Dr. Morrison described several key current issues, including:

1. There are “two Americas”—those states expanding Medicaid and those states declining any expansion;

2. The ACA is the “the Law of the Land.” The difficult task is now implementing this large change in the industry;

3. Accountable Care is a megatrend, but accountable care organizations may not continue in the form they are now;

4. Pressure on costs and delivering value is intensifying;

5. Medicare is still a major part of the healthcare system. “Learning to live in Medicare” means taking out 10% to 20% of costs; and

6. There is a renewed focus on primary care.

Dr. Morrison shared a vision of the future as these trends continue. There will continue to be “massive consolidation” in which there may be only 100-200 large regional healthcare systems in the U.S. Related to this linked care, clinical protocols will be more widely used. Care coordination of transitions will be at a premium. The transition of moving away from hospital admissions to more home care will be economically and culturally challenging.
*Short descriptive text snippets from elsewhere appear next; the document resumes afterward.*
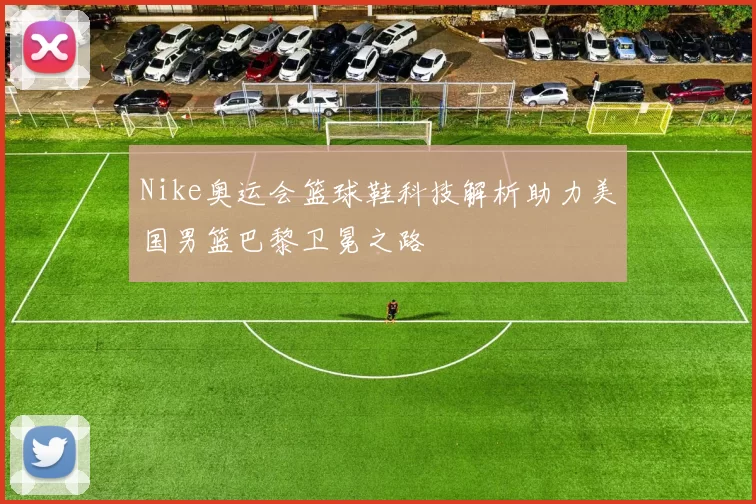 Nike奥运会篮球鞋科技解析助力美国男篮巴黎卫冕之路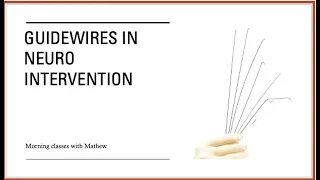 Guide wires in neuro-intervention - classes with Mathew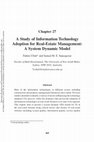 Research paper thumbnail of A Study of Information Technology Adoption for Real-Estate Management: A System Dynamic Model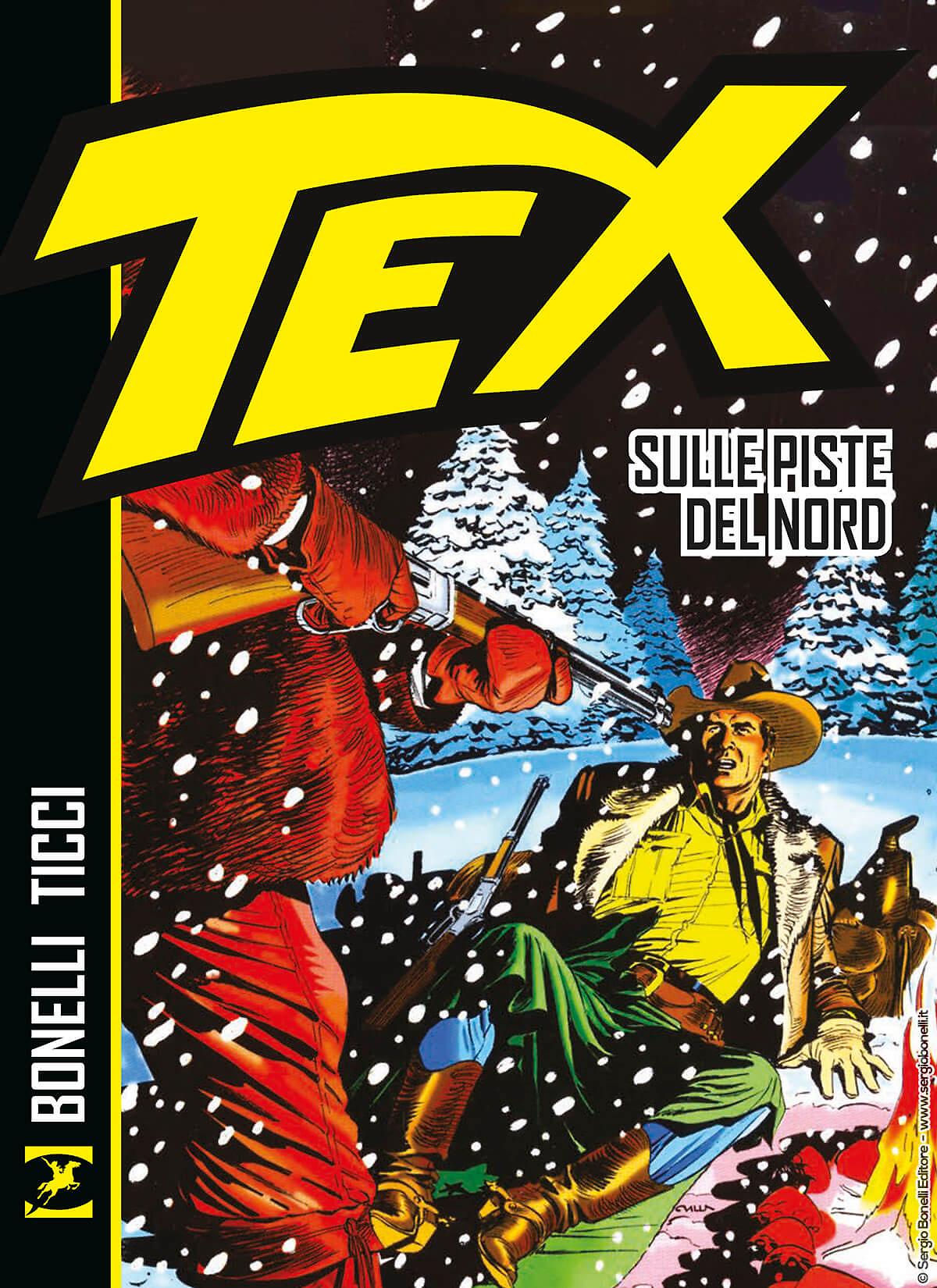Tex. Sulle piste del Nord - Nuova edizione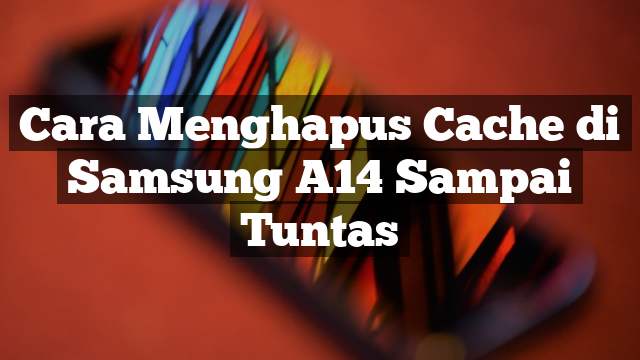 Read more about the article Cara Menghapus Cache di Samsung A14 Sampai Tuntas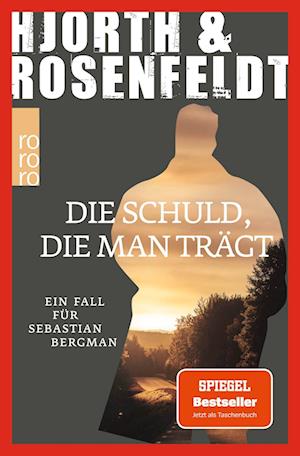 Michael Hjorth · Die Schuld, die man trägt (Book) (2024)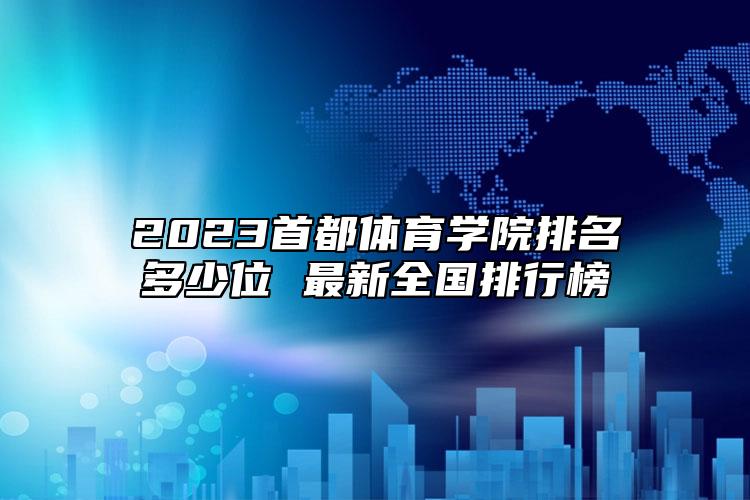 2023首都體育學院排名多少位 最新全國排行榜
As a transition to the future of healthcare, Dr. Morrison reviewed the concept of “the second curve” in business. Most hospitals have mastered the first curve of volume-based care, which is daily business and operations. The second curve, which is more value-based care, is a new way of doing business. Individual hospitals and healthcare systems must plan for, and succeed with, the second curve to survive. Dr. Morrison said this pressure on the healthcare system and the second curve is real, stating, “We turned the corner and we ain’t going back.”
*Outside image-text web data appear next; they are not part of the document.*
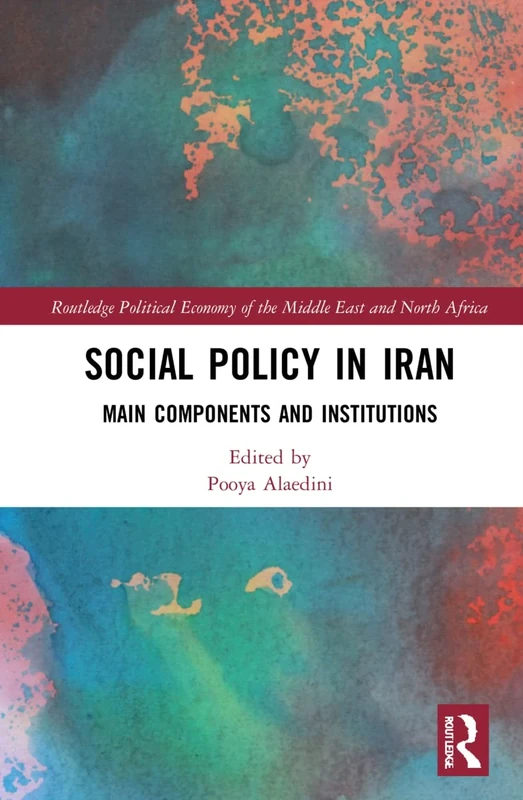 Social Policy in Iran: Main Components and Institutions (Routledge Political Economy of the Middle East and North Africa) - Image 1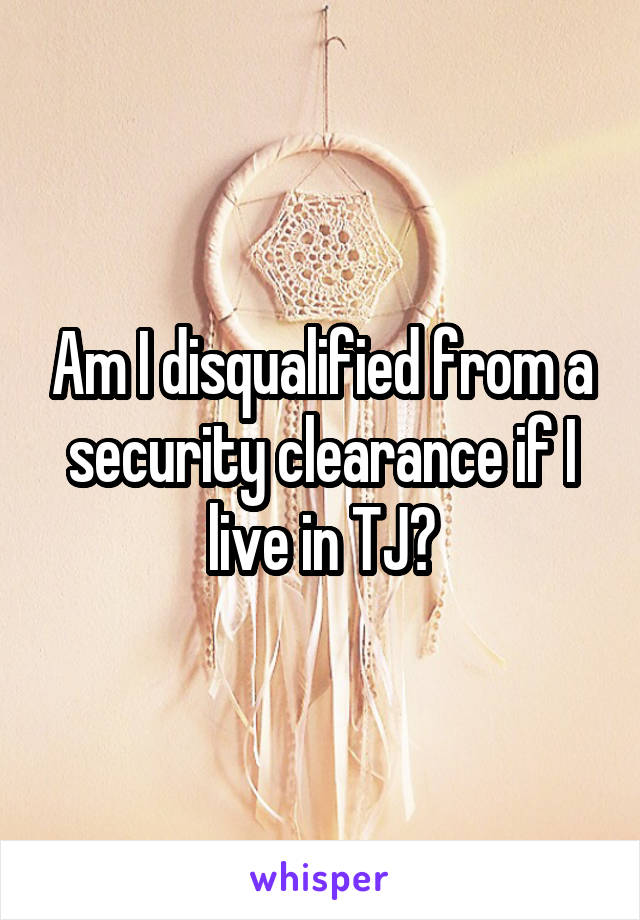 Am I disqualified from a security clearance if I live in TJ?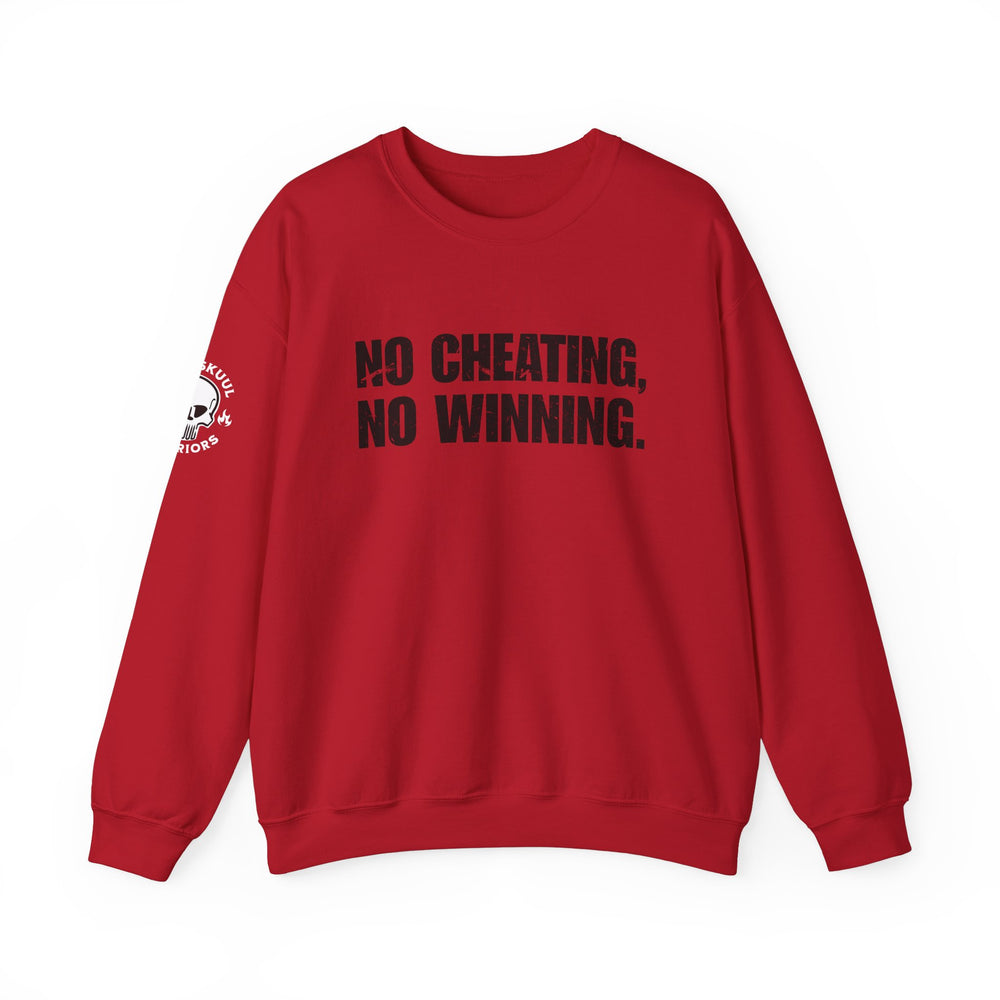 NO CHEATING, NO WINNING SWEATSHIRT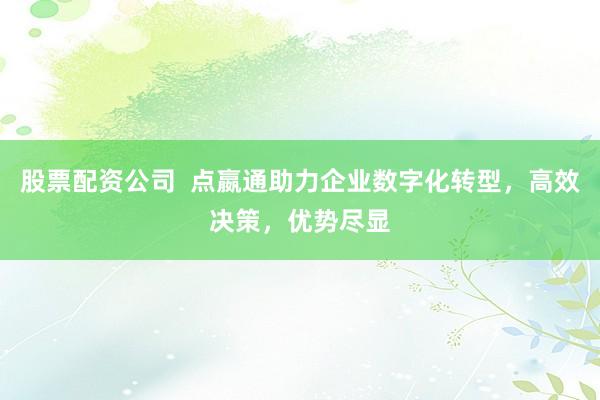 股票配资公司  点嬴通助力企业数字化转型，高效决策，优势尽显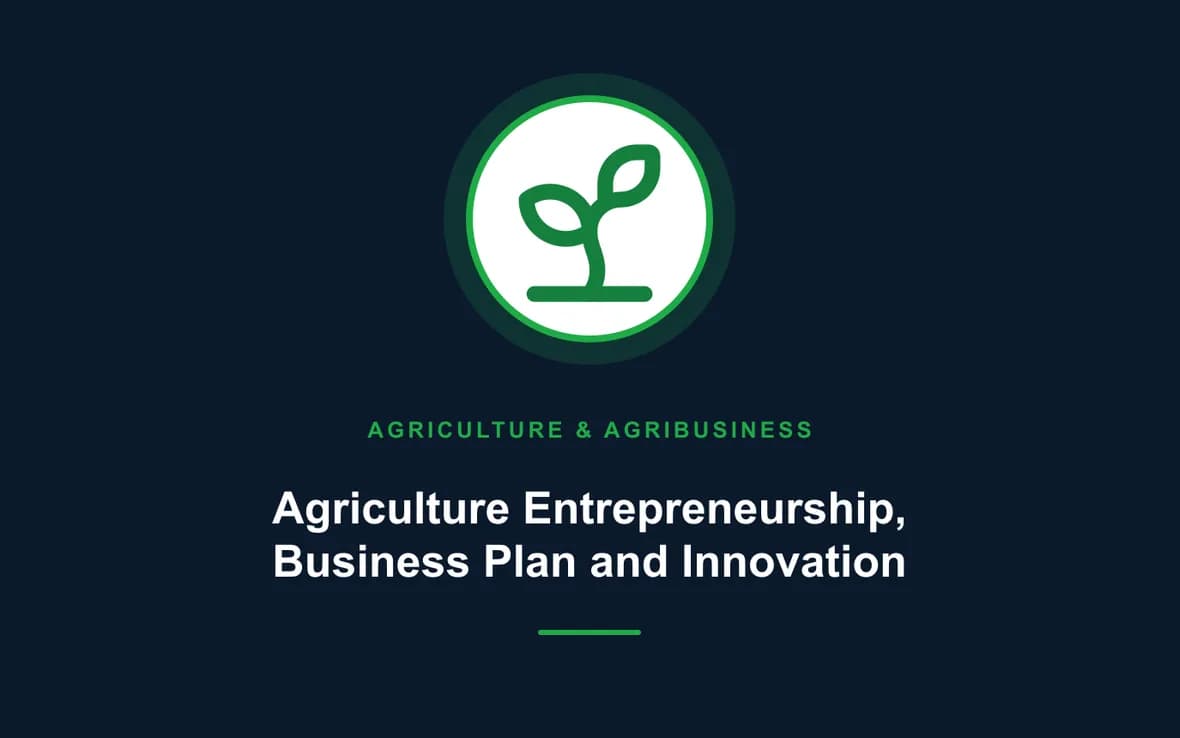 Agriculture Entrepreneurship, Business Plan and Innovation — Agriculture and Agribusiness Sustainability training course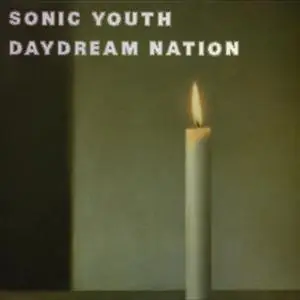 Sonic Youth - Daydream Nation (1988) [2007 Deluxe Edition]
Public purchasers will continue to play a growing role in the future. Dr. Morrison explained why Medicare Advantage is so resilient. Public employers have huge retiree health benefit problems. Dr. Morrison predicts that public payers will be more dominant by 2020 and public exchanges will grow after a rocky start.

Even with a disruptive start to the healthcare exchanges, Dr. Morrison encouraged the audience to think of the long-term benefits of the healthcare system changes.

He envisions four scenarios for the exchanges:

1. Managed competition nirvana. In this system, both public and private exchanges can grow;

2. Minor miracle. This is where the system is now at the start of exchanges;

3. Single-payer system. This would enable public exchanges to continue to grow and succeed; and

4. Meltdown, caused by patient- and system-risk or politics.

The work of the future is the transformation of the delivery system. This difficult work includes the centrality of clinical integration, information technology, “learning to live on Medicare”, managing a business model migration (from curve 1 to 2), and finally, building a culture of quality and accountability.

Dr. Morrison ended this enlightening session with several ACA implications and roles for hospitalists:

1. Take the long view. This is an area where hospitalists can continue to be leaders;

 

 

2. Redesign acute care, with hospitalists taking the lead;

3. Reach out beyond the walls. It will be very important for hospitalists to work even more closely with primary care providers;

4. Bring your clinical colleagues along to pursue the “triple aim” (better health, better healthcare, and lower per capita costs); and

5. Benefit patients, payers and providers through these changes.

Key points:

• “We’ve got to change the delivery system;”

• The changes in the healthcare system are areas in which hospitalists can continue to be leaders;

• ACA changes can be better for the patient, payer and provider; and

• HM14 is off to a strong start with a clear, overarching goal of hospitalists leading the changing world of medicine.

Dr. Hale is a pediatric hospitalist at the Floating Hospital for Children at Tufts Medical Center in Boston.